Eppure proprio questo momento di crisi appare lo scenario ideale se non per la rivoluzione, almeno per iniziare a discutere sui temi di fondo della statualità non solo nelle astratte teorie della filosofia politica, ma anche e soprattutto nel cercare un cammino che magari a piccoli passi porti a una nuova realtà: uno Stato in cui i cittadini si riconoscano, uno Stato che sia al servizio delle esigenze collettive, uno Stato che non sia staccato, lontano, talvolta anche nemico delle persone che lo compongono.
La teoria dello Stato è antica quanto il pensiero dell’uomo, basti pensare alle tesi di Aristotele e Platone sulla politica, e proprio per questo ha bisogno di compiere dei nuovi passi in avanti per rispondere alle esigenze di una società complessa, globalizzata, con grandi potenzialità di conoscenza, ma anche con fortissime disuguaglianze. Può forse stupire che l’invito dalla riflessione venga da un sovrano illuminato, come il principe regnante del Liechtenstein, Hans-Adam II, ma il suo libro “Lo Stato nel terzo millennio” (Ed. Istituto Bruno Leoni, pagg. 250, euro 20) costituisce una delle più lucide analisi sui limiti dello Stato contemporaneo e sulle possibili e necessarie vie d’uscita dalla crisi attuale.
Con una visione che va ben al di là degli stretti confini del Principato, Hans-Adam II propone di guardare in avanti tornando alle origini della democrazia trasformando lo Stato, ora dominato dalle oligarchie politiche, in uno strumento al servizio dei cittadini per fornire loro in libertà ed efficienza i servizi che gli vengono richiesti. Partendo da una grande fiducia verso le responsabilità di ciascuno, dal riconoscimento della grande dignità della dimensione sociale, dal maggior livello possibile di decentramento e di partecipazione diretta.
Non si tratta solo di indicazioni teoriche. L’ultima Costituzione del Liechtenstein, voluta e promossa dal principe, prevede perfino che la maggioranza dei cittadini possa ottenere di trasformare il principato in repubblica e che i singoli comuni possano chiedere di uscire dal Principato e aggregarsi al Paese vicino, quindi la Svizzera o l’Austria.

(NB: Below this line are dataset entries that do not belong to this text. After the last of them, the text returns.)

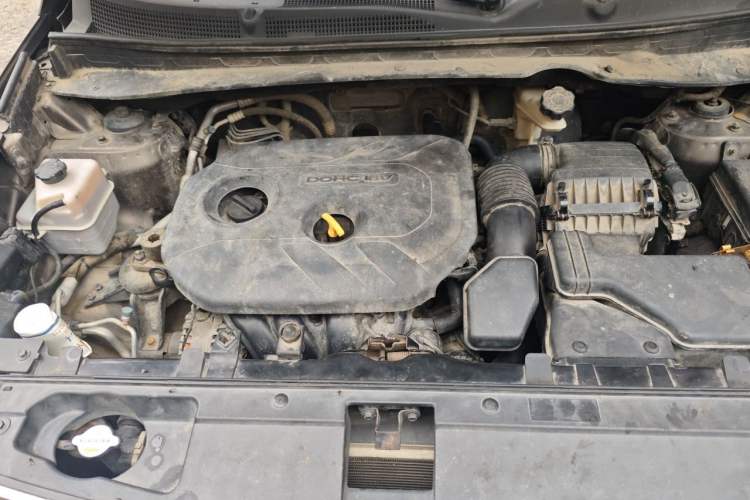 Used Kia Sportage R 2015 2.0L Automatic Two-Wheel Drive GL Engine Bay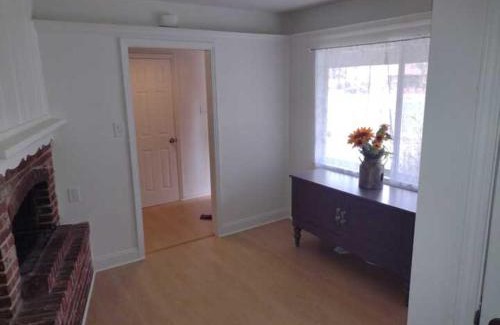 Parkway-South Sacramento House | Cozy home with pool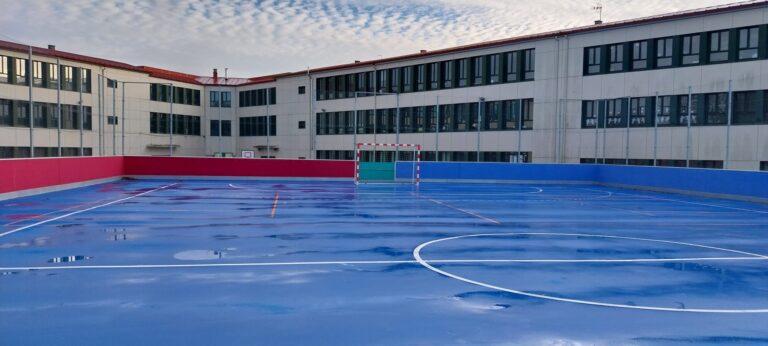 O CEIP Quiroga Palacios estrea as melloras do seu pavillón logo dun investimento próximo aos 400.000 euros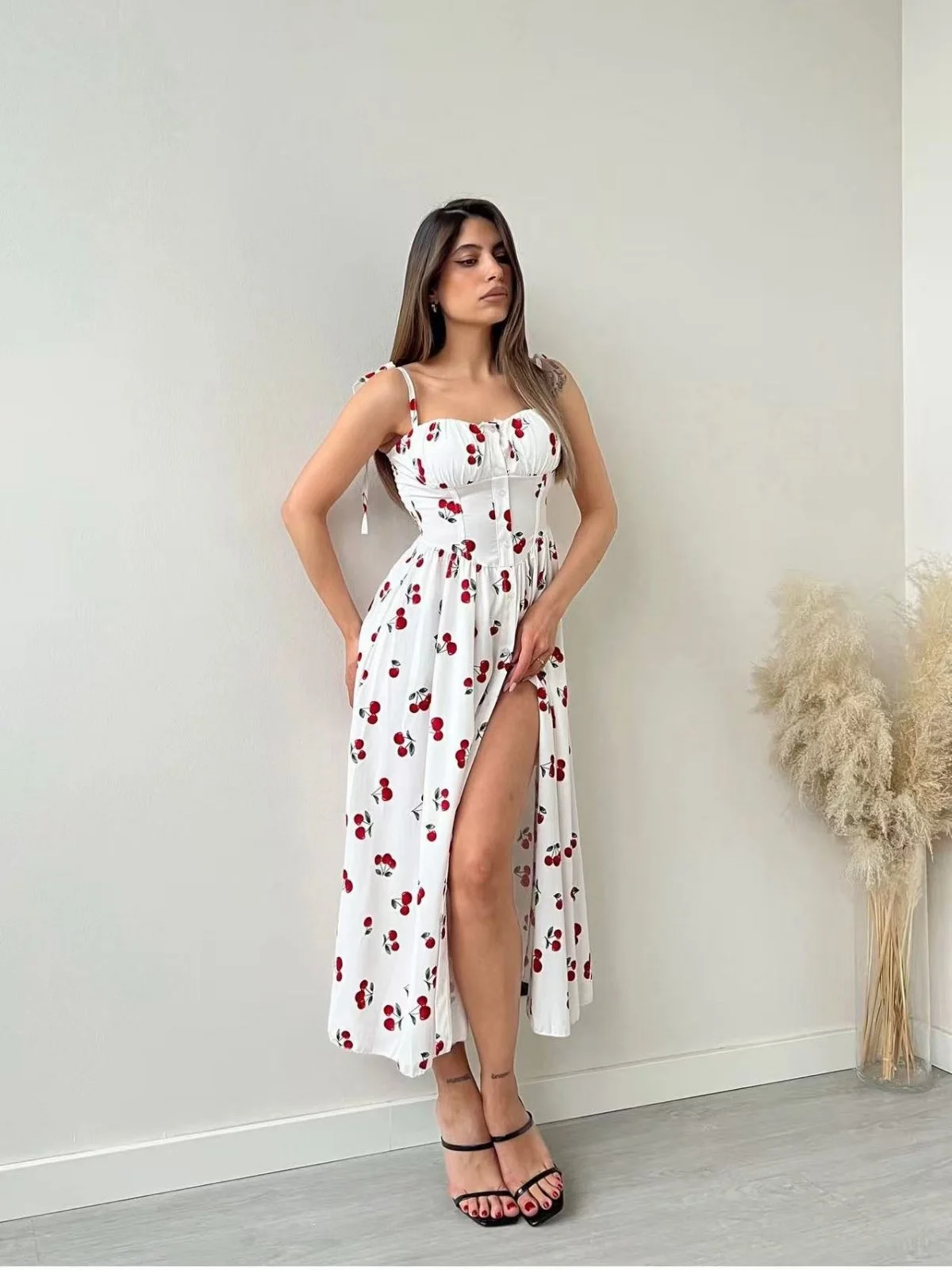 0-02-05-a123a3a5fd4e1d09c3a3813ef4659e0bbc107235ebe2a0ed2ec7f795f0686ba3_3ed0979806e401c5 Cherry White - Image 1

Al centro comunque ci sono i cittadini, le persone, le comunità locali. Superando una politica che ha la sua maggiore capacità nel difendere se stessa, una politica delle élites, dei tecnici dalle menti illuminate.
E allora bisogna iniziare ad avere il coraggio di tornare allo Stato semplice, allo Stato che difende i cittadini da cui ricava la legittimità, garantendo regole condivise e fatte rispettare. Regole che garantiscano le maggiori libertà e quindi che permettano di sviluppare tutte le potenzialità. Dicendo basta a uno Stato invadente e pasticcione dove si moltiplicano i centri di spesa e dove la burocrazia ha costi crescenti e un’efficienza declinante. Concretamente per l’Italia di oggi questo vuol dire, per esempio, grandi riforme strutturali: azzerare le province, chiudere le prefetture, dimezzare i costi della politica, privatizzare la Rai favorendo le televisioni locali (di cui invece si stanno rendendo sempre più difficili le condizioni di vita), attuare un’illuminata riforma delle pensioni, abolire il valore legale del titolo di studio, riconoscere e tutelare tutte quelle iniziative che nascono dal basso nell’istruzione, nella sanità, nell’assistenza. Secondo una logica di sussidiarietà, in cui allo Stato resta una grande e fondamentale (ma poco costosa) funzione di garanzia.